Agent
An agent is an actor that can observe and interact with the environment. Depending on the reinforcement learning algorithms, the way the agent is trained and selects actions is different.
If you want to implement your own agent, you can inherit from the abstract class Agent
and implement the abstract methods.
Module: aine_drl.agent
class Agent(ABC)
Constructor
def __init__(
self,
num_envs: int,
network: Network,
behavior_type: BehaviorType = BehaviorType.TRAIN,
)
Parameters:
Name | Description |
---|---|
num_envs (int ) | The number of environments the agent is interacting with. |
network (Network ) | The network of the agent. |
behavior_type (BehaviorType ) | (default = BehaviorType.TRAIN ) The behavior type of the agent. |
Properties
name
The name of the agent. You need to implement this property when you inherit from Agent
.
@property
@abstractmethod
def name(self) -> str
device
The device where the agent is running.
@property
def device(self) -> torch.device
num_envs
The number of environments the agent is interacting with. This is the number of environments in the vectorized environment.
@property
def num_envs(self) -> int
training_steps
The number of training steps the network has been trained for. This equals to the times the optimizer take steps.
@property
def training_steps(self) -> int
behavior_type
The behavior type of the agent. When you train the agent, the behavior type is BehaviorType.TRAIN
. When you inference the agent, the behavior type is BehaviorType.INFERENCE
.
@property
def behavior_type(self) -> BehaviorType
@behavior_type.setter
def behavior_type(self, value: BehaviorType)
log_keys
The keys of log data that the agent want to log. You need to override this property when you want to log some data.
@property
def log_keys(self) -> tuple[str, ...]
log_data
The log data of the agent. The data is a dictionary with the keys in log_keys
and values with tuple (value, time)
. You need to override this property when you want to log some data.
@property
def log_data(self) -> dict[str, tuple[Any, float]]
state_dict
The state dictionary of the agent. The state dictionary contains the state of the agent, including the network and other data. You can save them to a PyTorch file and load them later. You need to override this property when you want to save the state of the agent.
@property
def state_dict(self) -> dict
Methods
select_action()
Select actions from the Observation
.
def select_action(self, obs: Observation) -> Action
Parameters:
Name | Description | Shape |
---|---|---|
obs (Observation ) | One-step observation batch tuple. | *batch_shape = (num_envs,) details in Observation docs |
Returns:
Name | Description | Shape |
---|---|---|
action (Action ) | One-step action batch. | *batch_shape = (num_envs,) details in Action docs |
_select_action_train()
Select actions from the Observation
when training.
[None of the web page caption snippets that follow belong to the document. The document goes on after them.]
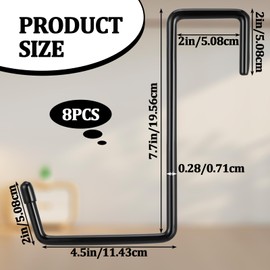8 Pack Heavy Duty Rafter Hanger Hooks, Vinyl Coated Garage Ladder Hanger, Large S Hooks Storage Organizer, Bicycle Hooks for Organizing Garden Tools, Ladders, Hoses, Ropes and More Equipment(Black)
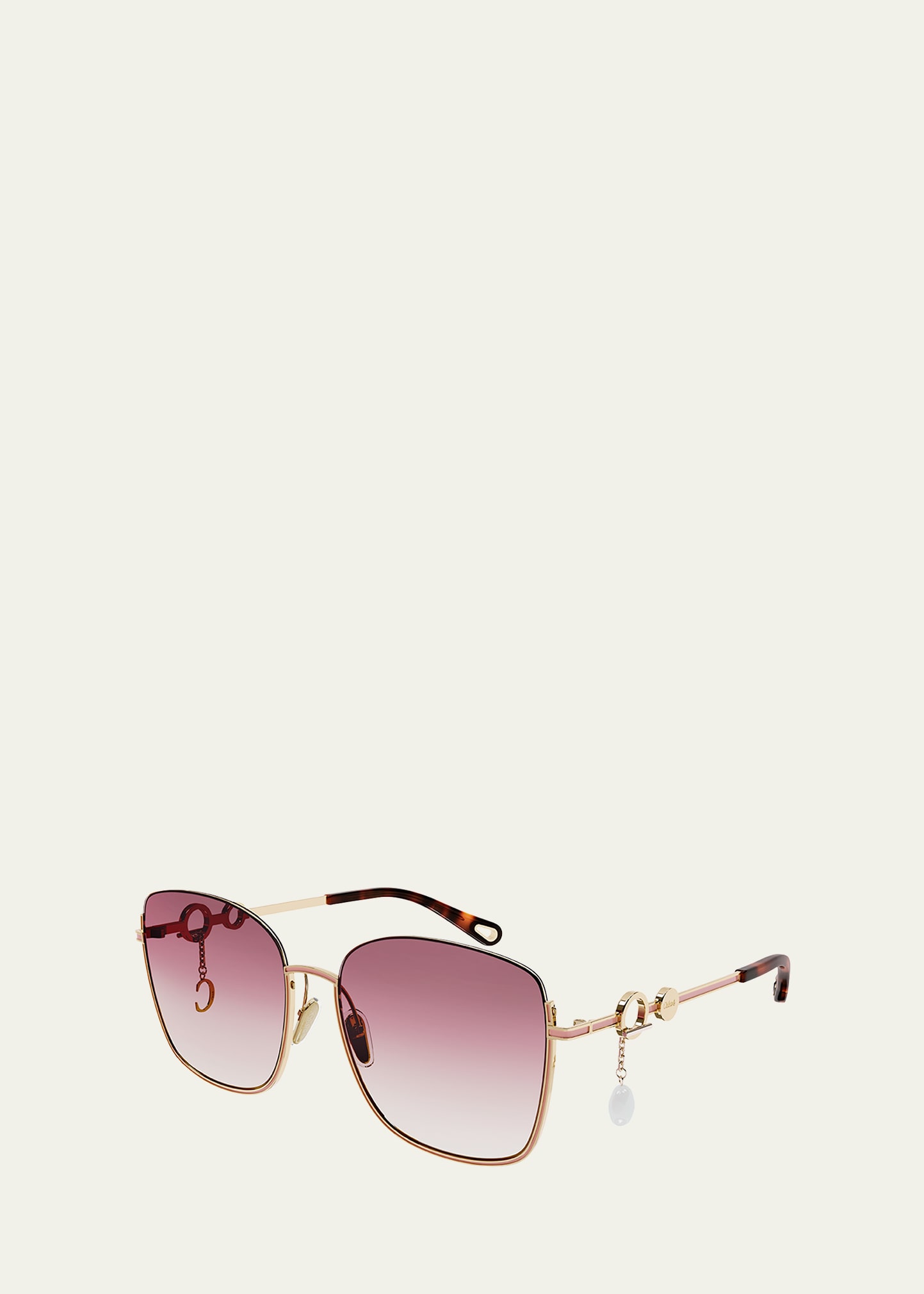 Chloé Semi-rimless Square Metal Sunglasses W/ Detachable Charms In Gold / Pink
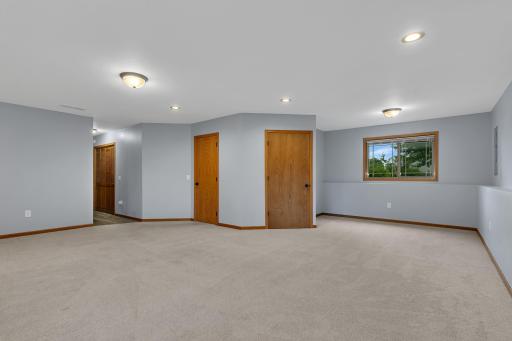 The finished lower level expands the living space with a generous family room illuminated by LED recessed lighting.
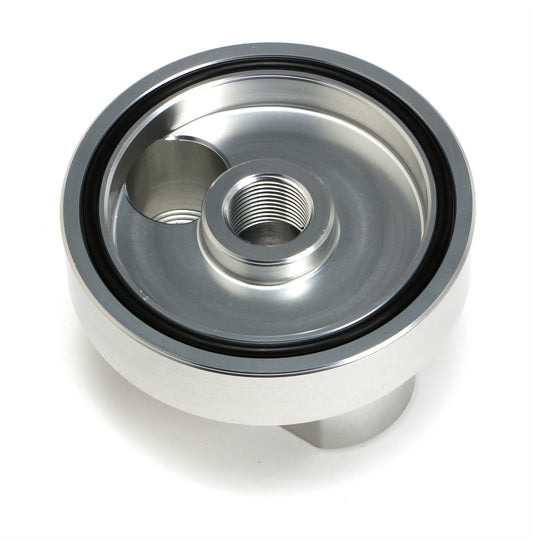 HAMBURGER'S PERFORMANCE PRODUCTS SPIN-ON BYPASS ADAPTER; CHEVY SB AND BB; 13/16 IN.-16 FILTER THREADS; -12AN PORTS- BILLET ALUMINUM 3321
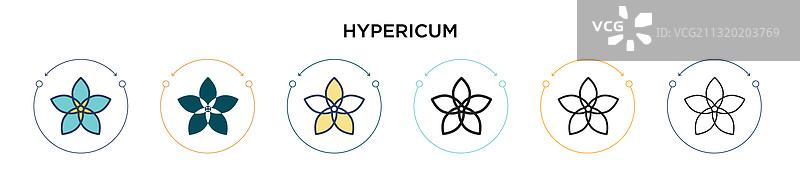 连翘填充细线轮廓图标图片素材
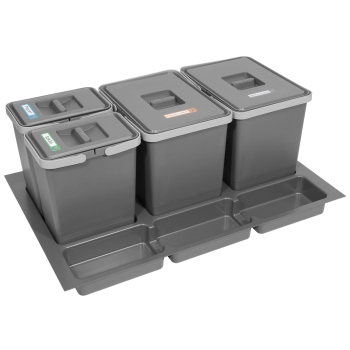 Sortownik śmieci FUTURE do szuflady w szafce 80 cm 4 kosze 2x7 + 2x15 litrów wysokość 28 cm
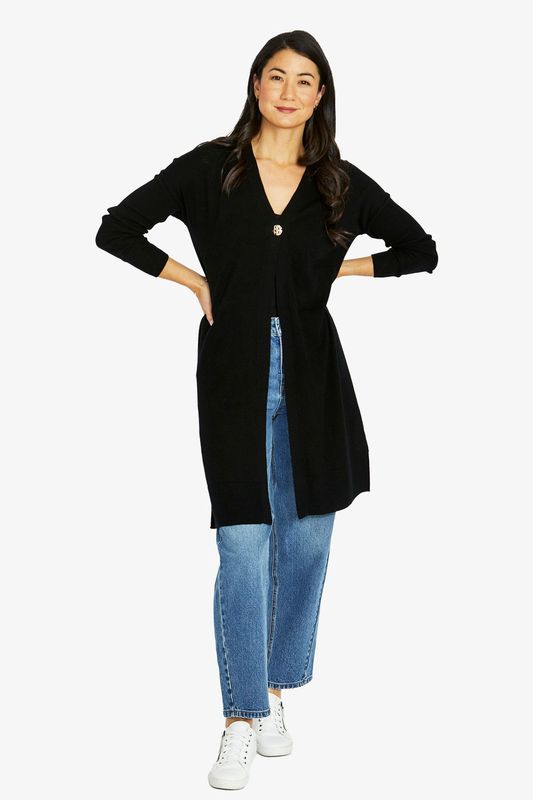 Jump - Gold Button Long Cardi / Black 60611075A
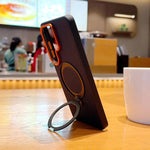 Custodia magnetica per telefono con supporto girevole in PC + TPU in similpelle vegana., For Samsung Galaxy S26+ 5G, For Samsung Galaxy S26 Edge 5G, For Samsung Galaxy S26 Ultra 5G, For Samsung Galaxy S26 5G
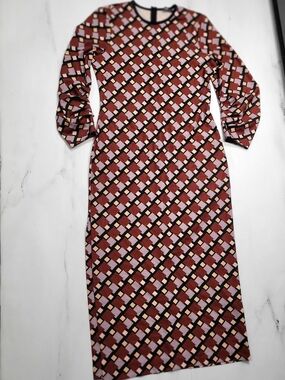 Zara Retro Geometric Print Ruched Sleeve Side Slit Midi Dress M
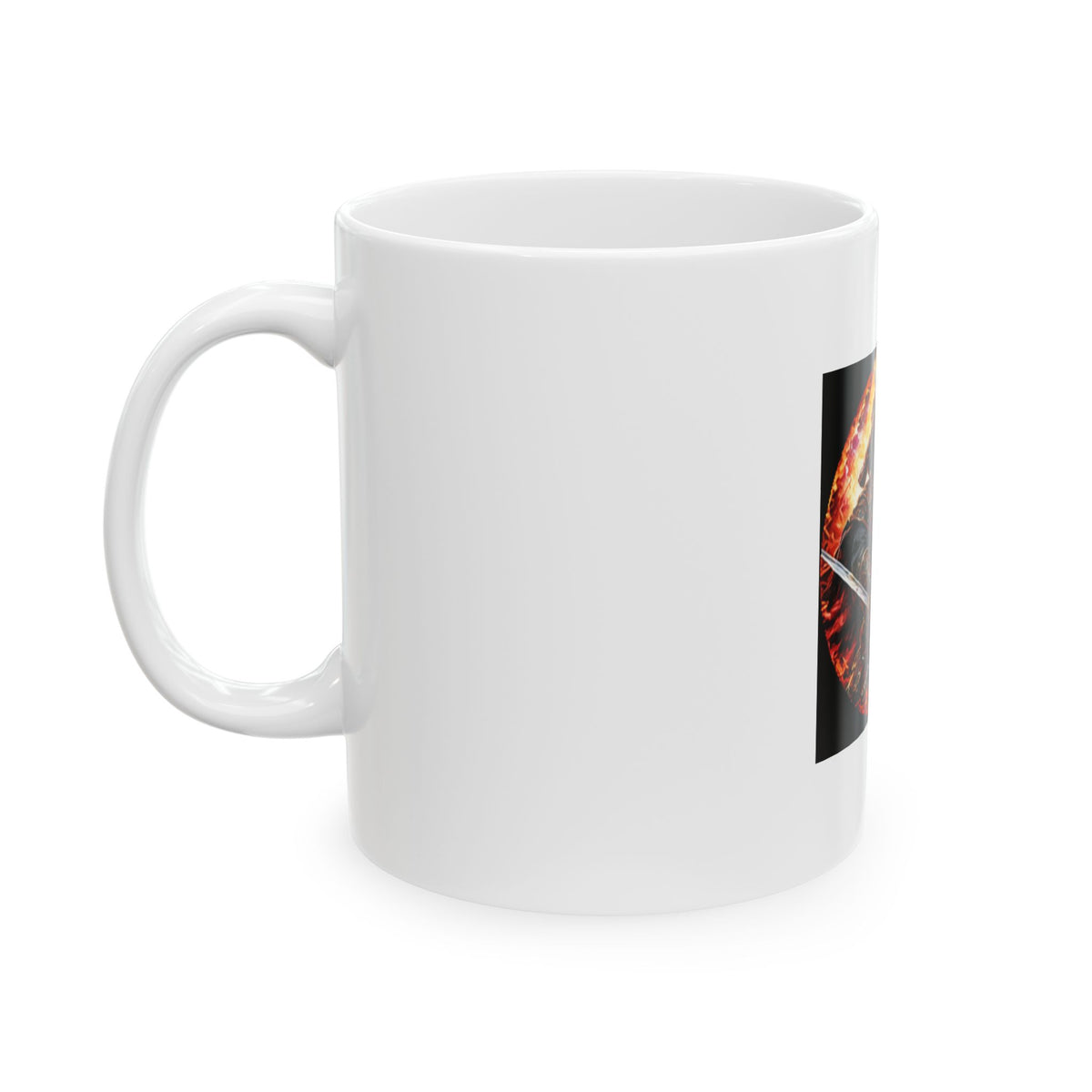 Samurai Warrior Ceramic Mug - Japanese Dual Katana Warrior Design (11oz)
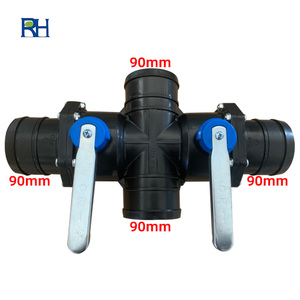 Válvula de Control de Manguera de Agua de PE para Sistema de Riego Agrícola, Válvula de Plástico de Cuatro Vías y Tres Manijas de 90 mm - Product Image 1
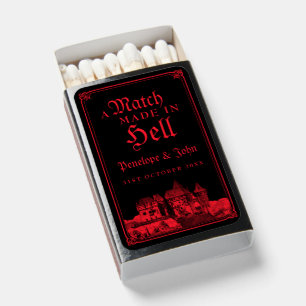 Gothic Vampire Castle Black Red Wedding Matchboxes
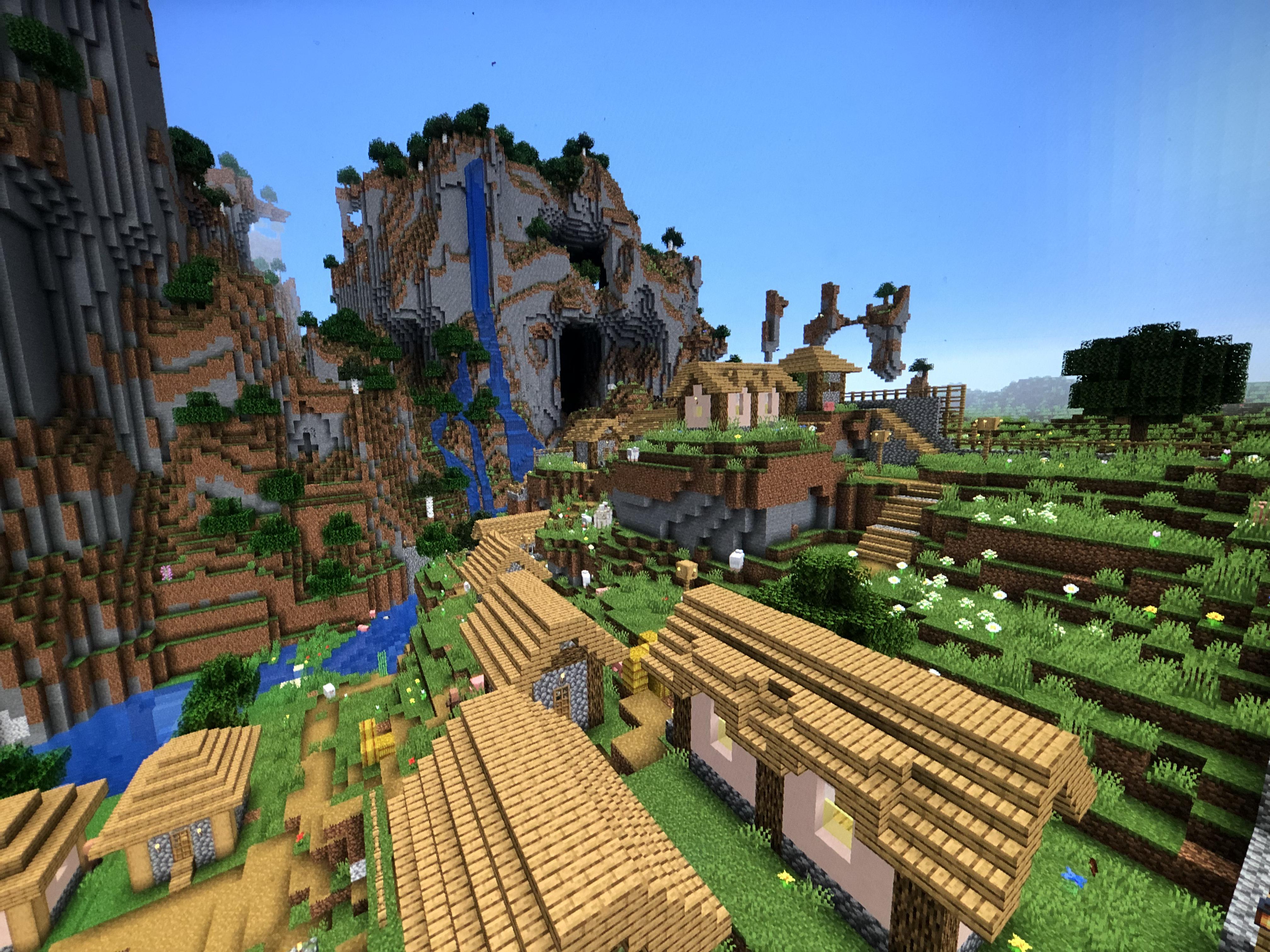 Added a few details to a village that spawned in an amplified world and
You need to implement this method when you inherit from Agent
.
@abstractmethod
def _select_action_train(self, obs: Observation) -> Action
The parameters and return values are the same as select_action()
.
_select_action_inference()
Select actions from the Observation
when inference. You need to implement this method when you inherit from Agent
.
@abstractmethod
def _select_action_inference(self, obs: Observation) -> Action
The parameters and return values are the same as select_action()
.
update()
Update and train the agent.
def update(self, exp: Experience)
Parameters:
Name | Description | Shape |
---|---|---|
exp (Experience ) | One-step experience tuple. | *batch_shape = (num_envs,) details in Experience docs |
_update_train()
Update and train the agent when training. You need to implement this method when you inherit from Agent
.
@abstractmethod
def _update_train(self, exp: Experience)
The parameters are the same as update()
.
_update_inference()
Update and train the agent when inference. You need to implement this method when you inherit from Agent
.
@abstractmethod
def _update_inference(self, exp: Experience)
The parameters are the same as update()
.
_tick_training_steps()
Tick the training steps.
def _tick_training_steps(self)
load_state_dict()
Load the state dictionary of the agent. You need to override this method when you want to load the state of the agent.
def load_state_dict(self, state_dict: dict)